Recoleta Item Note

Millwright: Smarter Tool Selection from Agent Experience

Millwright is a large-scale tool selection approach for AI agents that uses "semantic relevance + historical usage feedback" to narrow the candidate tool set and continuously improve ranking as the agent gains…

tool-selectionagent-experiencetool-augmented-llmretrieval-rankingmulti-agent-systems

Millwright is a large-scale tool selection approach for AI agents that uses "semantic relevance + historical usage feedback" to narrow the candidate tool set and continuously improve ranking as the agent gains experience. It also turns the tool selection process into an observable data asset for identifying bad tools, seeding cold starts, and discovering opportunities for new tools.

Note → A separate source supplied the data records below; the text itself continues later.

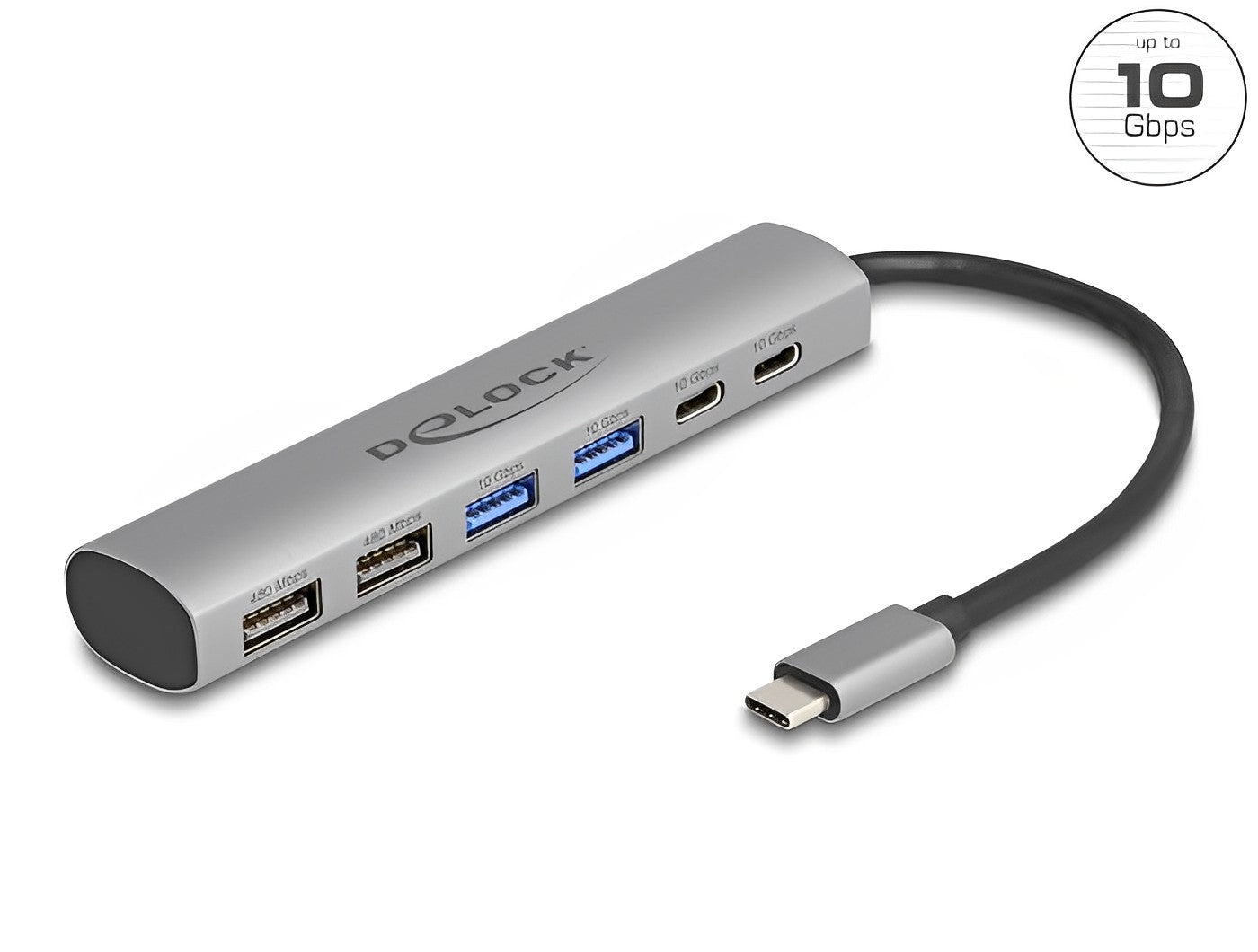 מפצל USB-C 10Gbps עם 6 יציאות USB-A/C - delock.israel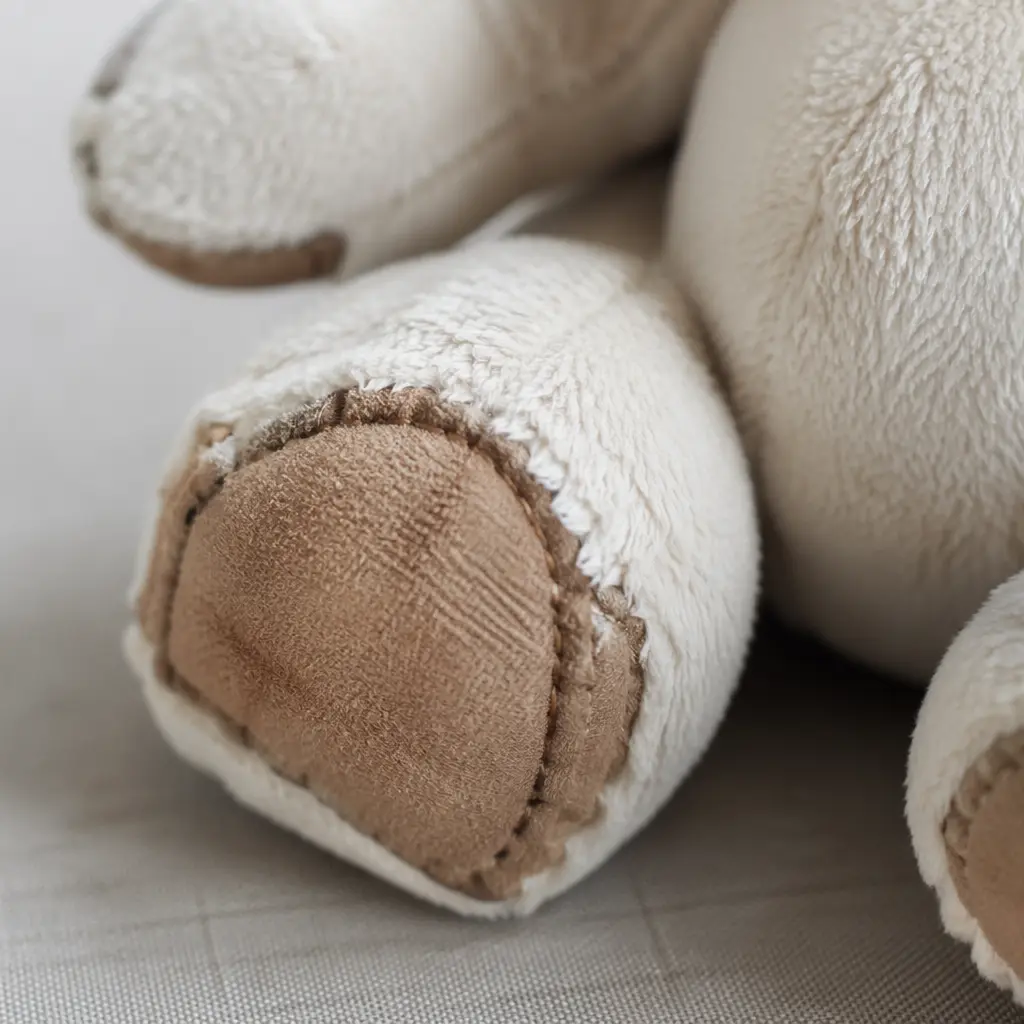 Close-up of plush toy fabric and stitching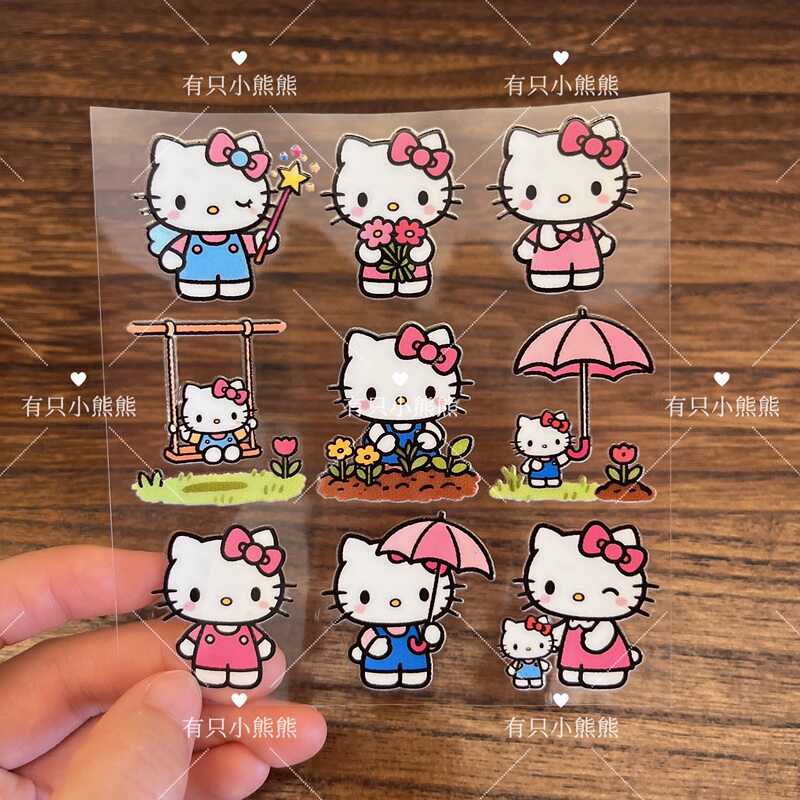 Cartoon Kt Swing Transfer Stickers Cute Hello Kt Cat Water Cup Phone Notebook Handmade DIY Waterproof Car Stickers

  • When an agent faces hundreds to thousands of tools, stuffing all tool definitions into context crowds out space for RAG, planning, and conversation history, so more efficient tool routing is needed.
  • Semantic matching alone cannot reflect a tool's actual effectiveness on real tasks, and cannot adapt online to tools that look right in description but are actually unusable or broken.
  • An ideal system should be able to return a small number of highly relevant tools on demand, support broader search after failure, and keep learning from usage feedback.
  • Maintain a toolshed index that exposes only two interfaces: suggest_tools to start a session and return ranked candidate tools, and review_tools to write back feedback after the task ends.
  • suggest_tools first decomposes the task into atomic sub-needs, then vectorizes the query; on one hand it uses cosine similarity between the query vector and tool descriptions to produce semantic recommendations, and on the other hand it searches a historical review index for similar queries and produces historical recommendations based on the tool's aggregated fitness on similar tasks.
  • Merge and deduplicate semantic and historical recommendations, and add "None of these are correct" or "Create a custom tool"; the system can also randomly inject a small number of tools for exploration, similar to an epsilon-greedy multi-armed bandit.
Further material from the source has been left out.